What the task asks:
The records below are to be set down word for word, with every picture left out.

Short descriptive text snippets
○ ○ ○ ○ ○ ○ ○

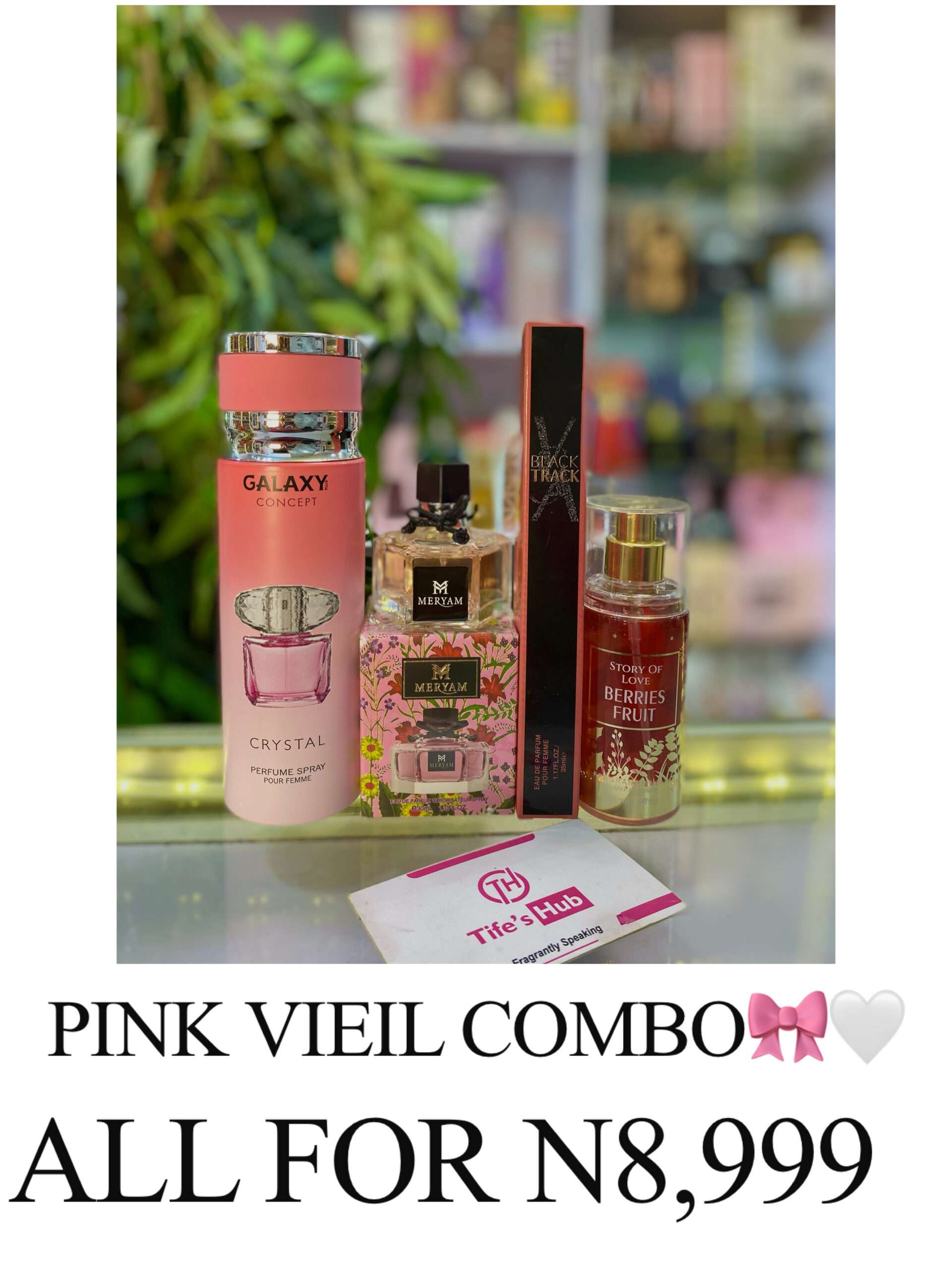 PINK VEIL COMBO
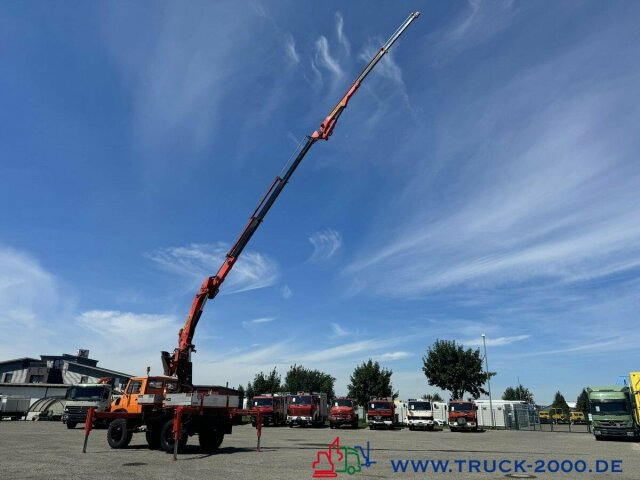Unimog U1700 Kran PK16000 + Jib Höhe 22,50m + Winde - Camion grue: photos 3 Unimog U1700 Kran PK16000 + Jib Höhe 22,50m + Winde - Camion grue: photos 3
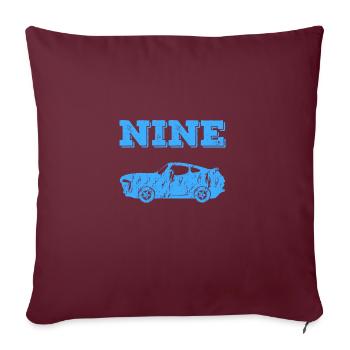 9 Anniversaire Jeune Muscle Voiture voiture 9 anniversaire - Housse de coussin décorative 45 x 45 cm - bordeaux - Devant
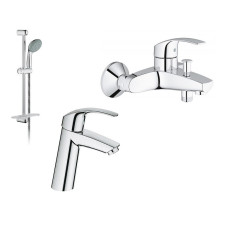 Grohe Eurosmart Набір змішувачей для ванни (23324001+33300002+27926000), (123246 M)
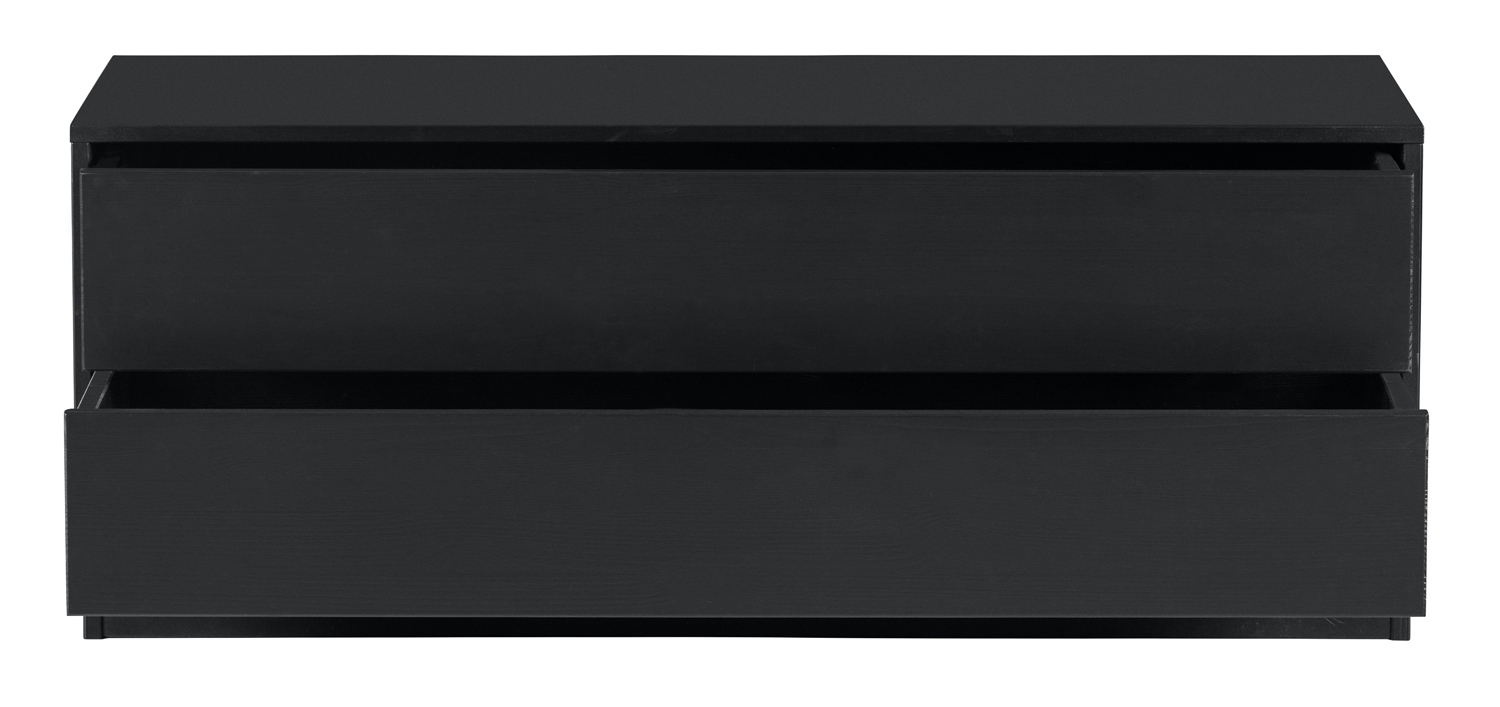 woood TV Möbel Lowboard Finca 100 cm Kiefer schwarz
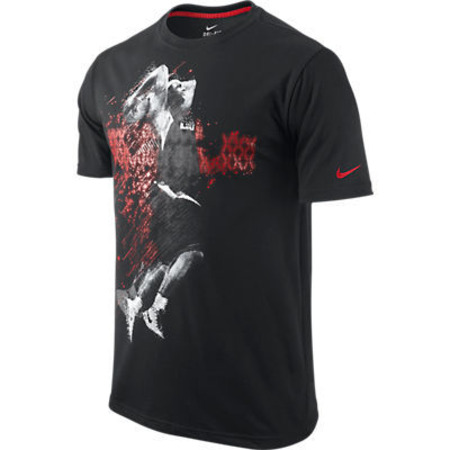 Camiseta Lebron Data Sport (010/preto/vermelho)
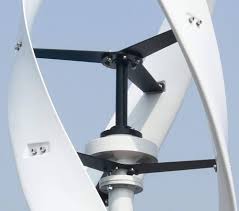 800W Verticale Windturbine - Spiraalvormige Windgenerator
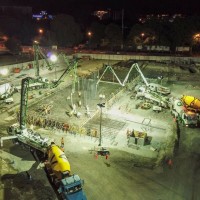 Christchurch Convention Centre foundation pour 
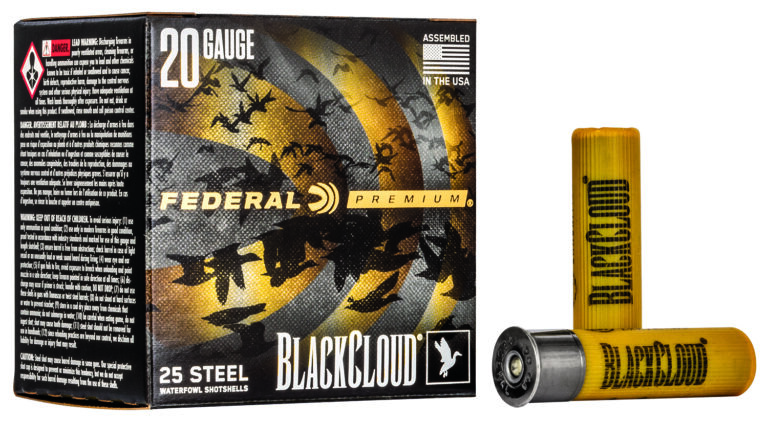 Federal Premium Black Cloud Waterfowl Shotgun Ammo 20 ga. 3 in. 1 oz. 2 Shot 25 rd.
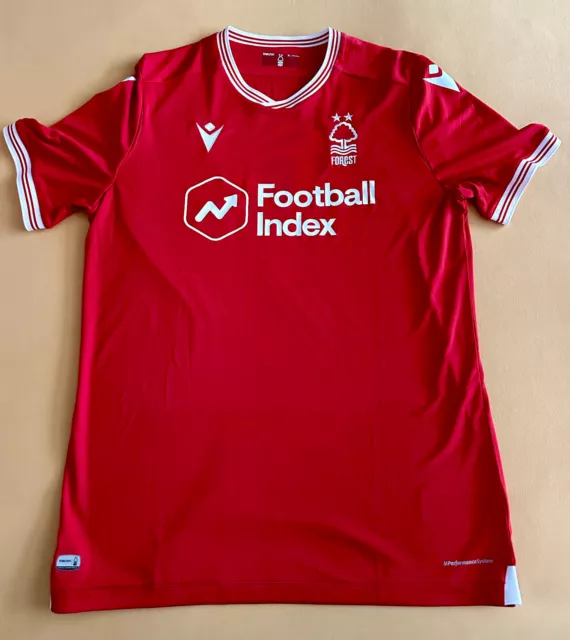 Trikot - Nottingham Forest F.C. - Gr.XL - macron - England - Tricky Trees - rot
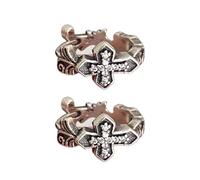Gotico Croci Orecchino Borchie Per Gli Uomini Vintage Punk Stili Gioielli Portatile Lega Disegni Singoli Per Mix Abiti Gotico Piercing Dell'orecchio, Medio, Metallo, No.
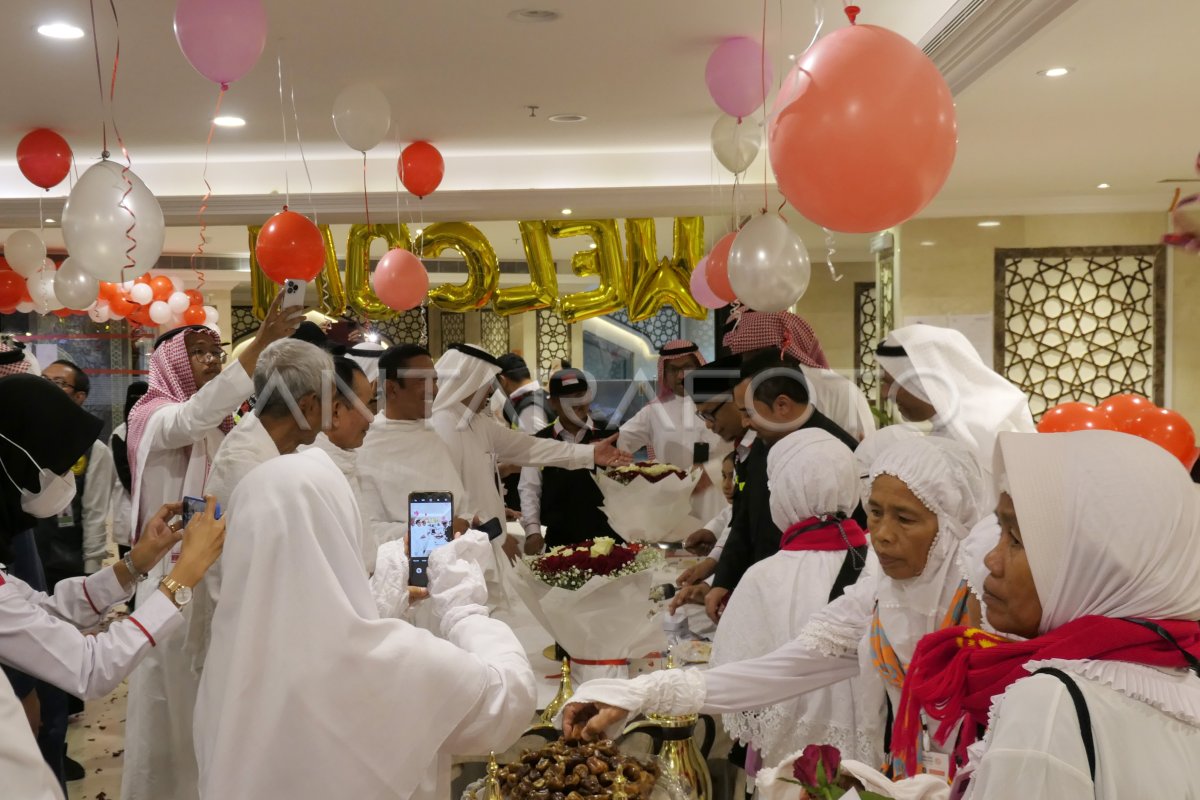 Kedatangan jamaah calon haji di Mekah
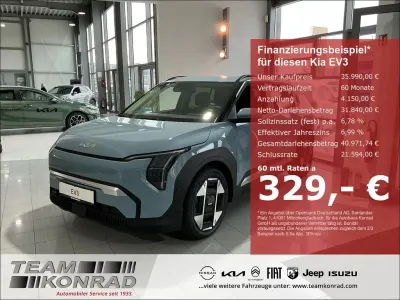 Neu Kia EV3 Earth 150 kW (204 PS) 2026 Blau SUV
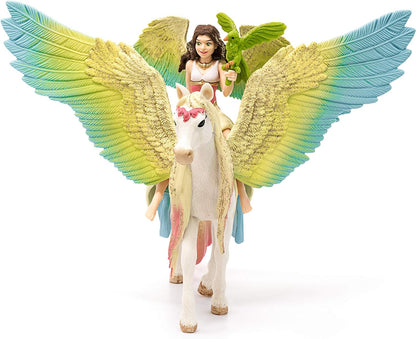 schleich 70566 Surah mit Glitzer-Pegasus, ab 5 Jahren, BAYALA - Spielset, 3 Teile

○ ○ ○ ○ ○ ○ ○

Reply:
 PINK VEIL COMBO
Unimog U1700 Kran PK16000 + Jib Höhe 22,50m + Winde - Camion grue: photos 3 Unimog U1700 Kran PK16000 + Jib Höhe 22,50m + Winde - Camion grue: photos 3
 9 Anniversaire Jeune Muscle Voiture voiture 9 anniversaire - Housse de coussin décorative 45 x 45 cm - bordeaux - Devant
 Grohe Eurosmart Набір змішувачей для ванни (23324001+33300002+27926000), (123246 M)
 woood TV Möbel Lowboard Finca 100 cm Kiefer schwarz
 Camiseta Lebron Data Sport (010/preto/vermelho)
 800W Verticale Windturbine - Spiraalvormige Windgenerator
 Christchurch Convention Centre foundation pour 
 Federal Premium Black Cloud Waterfowl Shotgun Ammo 20 ga. 3 in. 1 oz. 2 Shot 25 rd.
 Trikot - Nottingham Forest F.C. - Gr.XL - macron - England - Tricky Trees - rot
Gotico Croci Orecchino Borchie Per Gli Uomini Vintage Punk Stili Gioielli Portatile Lega Disegni Singoli Per Mix Abiti Gotico Piercing Dell'orecchio, Medio, Metallo, No.
 Kedatangan jamaah calon haji di Mekah
 Neu Kia EV3 Earth 150 kW (204 PS) 2026 Blau SUV
 schleich 70566 Surah mit Glitzer-Pegasus, ab 5 Jahren, BAYALA - Spielset, 3 Teile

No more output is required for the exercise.